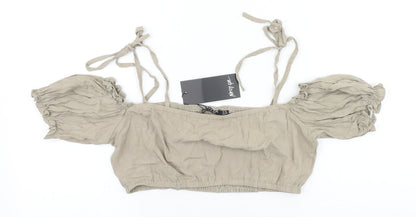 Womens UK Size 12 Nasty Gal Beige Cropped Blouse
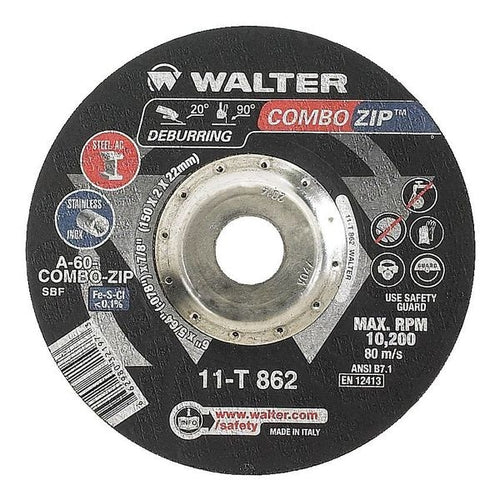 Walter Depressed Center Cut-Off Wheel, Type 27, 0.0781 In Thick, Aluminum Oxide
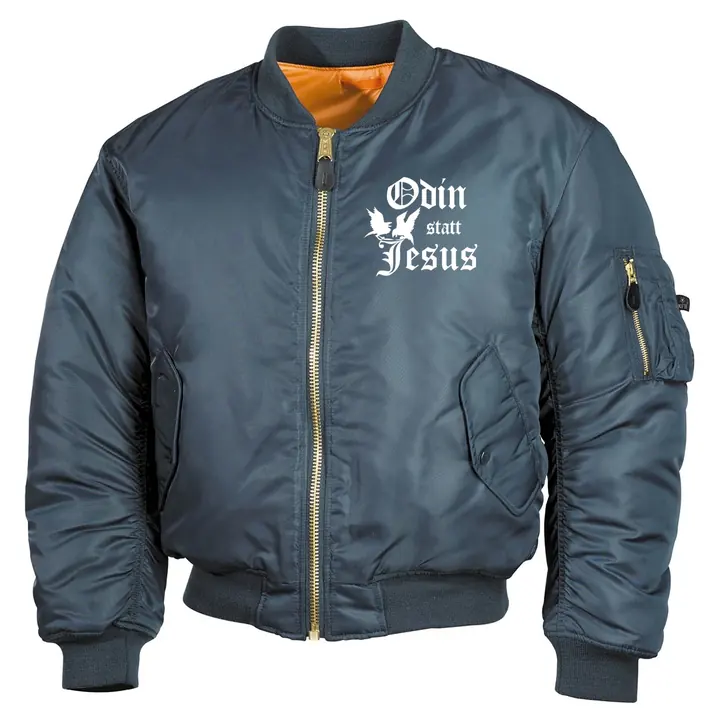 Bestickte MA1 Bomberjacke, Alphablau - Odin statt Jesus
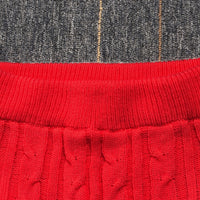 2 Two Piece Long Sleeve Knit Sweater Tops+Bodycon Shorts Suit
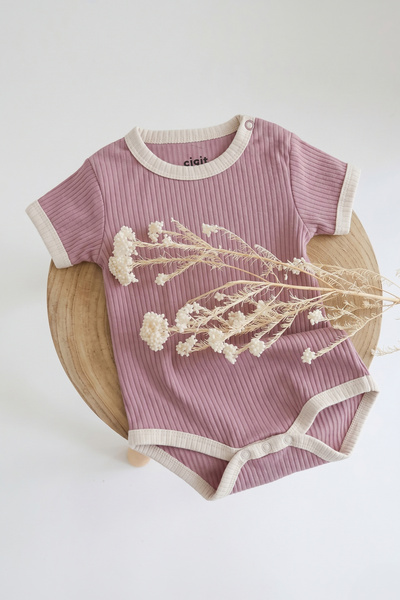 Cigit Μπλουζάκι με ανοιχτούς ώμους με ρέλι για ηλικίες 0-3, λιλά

*Exercise requirements*. Write out the lines that run from the line containing "2 Two Piece" to the end of the entries, inclusive, exactly as written. Skip every picture.

*Answer to the problem*.
 2 Two Piece Long Sleeve Knit Sweater Tops+Bodycon Shorts Suit
 Cigit Μπλουζάκι με ανοιχτούς ώμους με ρέλι για ηλικίες 0-3, λιλά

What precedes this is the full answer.